Artificial Intelligence Isn't a Threat--Yet
The Wall Street Journal (12/11/14) Gary Marcus
Luminaries including Stephen Hawking and Elon Musk recently have warned about the potential threat artificial intelligence (AI) poses to the human race in terms that strike some as fantastical. New York University professor Gary Marcus, CEO of Geometric Intelligence, says Hawking and Musk have a point, but the existential threat they fear is still many decades off and people face somewhat different threats from AI in the nearer term. Marcus says "superintelligent" machines are unlikely to arrive soon, but we are already in the process of placing a great deal of power and control in the hands of automated systems and need to be certain those systems can handle it. Marcus points to stock markets and autonomous driving technology as two examples of automated systems that could do tremendous damage if not properly and rigorously controlled. Although Marcus acknowledges such technologies have tremendous potential to do good, he says steps have to be taken to ensure they do not go haywire. Marcus says those steps could include funding advances in program verification and establishing laws surrounding the use of automated systems in specific, risky applications.

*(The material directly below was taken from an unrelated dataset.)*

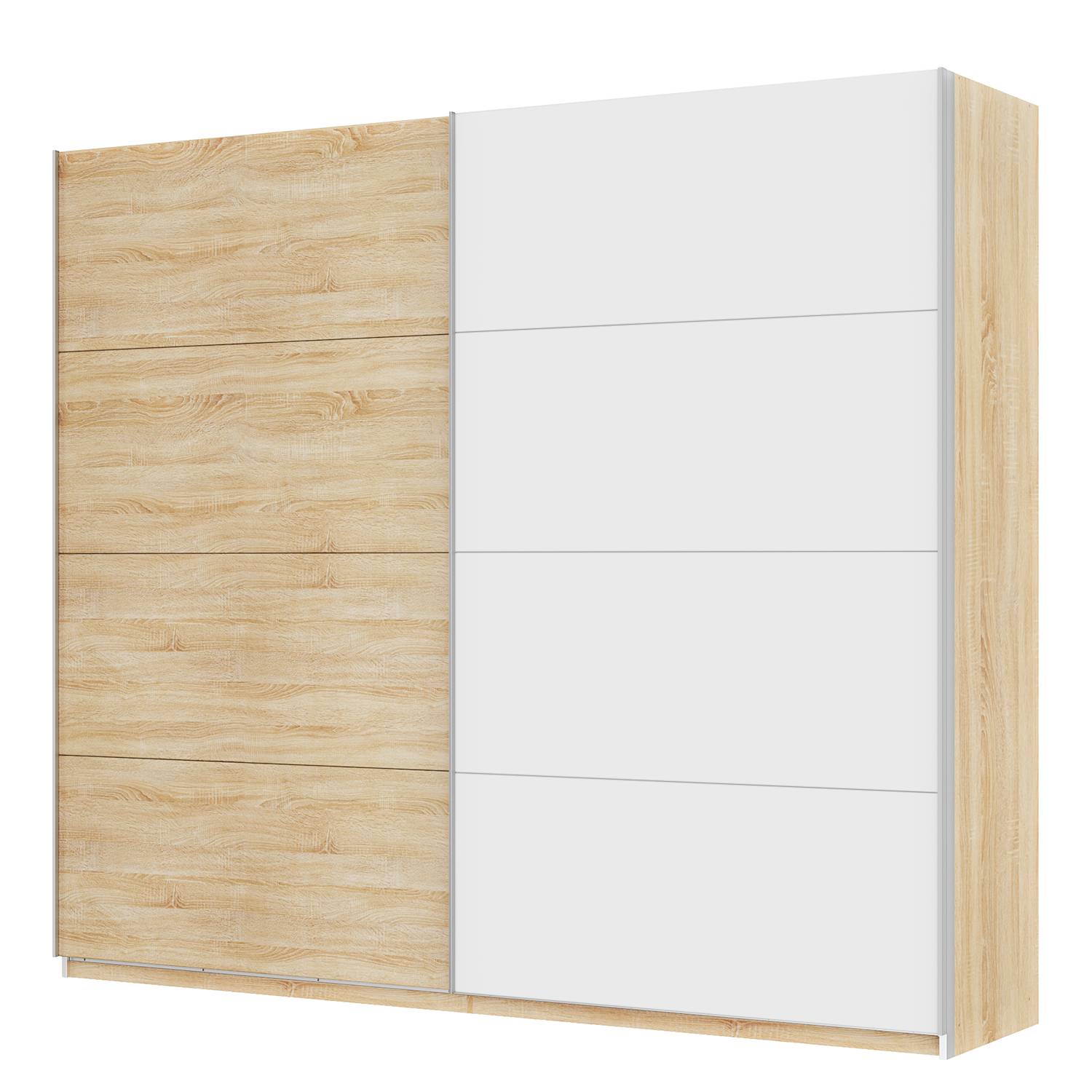 goedkoop Zweefdeurkast Skøp Sonoma eikenhouten look alpinewit 270cm 2 deurs 236cm Comfort Skop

Aiming for 1 Million 'Girls Who Code'
CBS News (12/11/14)
Women are the majority in the workforce, in college, and as income earners, but they are being left out of innovating, says Reshma Saujani, who wants to introduce coding to more than 1 million girls over the next decade. She says it is still acceptable in society for girls to say they hate math at a time when technology is critical to everything that is created or built. Saujani is the founder of Girls Who Code, which has more than 150 clubs across the country teaching girls robotics, Web design, and mobile development. "What makes it interesting is, like, you are the one creating the game now, you're not just sitting there playing the game," says 17-year-old Aisha Soumaoro, who is enrolled in the club at Democracy Prep High School in Harlem. Saujani says technology has to be cool and work has to be fun for things to change. Girls Who Code already has nearly 3,000 alumni nationwide, and has attracted support from companies such as Facebook and Twitter. Saujani says she is still waiting on that "eureka moment" that will inspire girls to become more active participants in shaping a digital world. An estimated 1.4 million job openings are expected for computer specialists by 2010.
CCC BRAIN Workshop: Research Interfaces Between Brain Science and Computer Science
CCC Blog (12/11/14) Helen Vasaly
The Computing Community Consortium (CCC) and the U.S. National Science Foundation recently held a workshop on the interfaces between brain research and computer science. The workshop brought together several dozen neuroscientists and computer scientists with plenary speeches and panel discussions on topics including brain imaging and mapping, the brain and the body, computing, and data. Asked to give a "grand prediction" about the future intersection of neuroscience and computer science, speaker Jack Gallant predicted "some time in the near future we should be able to decode internal speech...which can then be read back to you from a speaker using fMRI responses." One major topic of discussion was how thoroughly researchers will have to understand the brain before that knowledge will enable them to start creating computer simulacrums of the brain. Another topic was how big data technology can help neuroscientists make sense of the mountains of data currently being generated on the brain. The video recordings of the workshop panels and plenary talks will be posted alongside the presentations on the CCC website in the coming weeks, with a workshop report forthcoming early next year.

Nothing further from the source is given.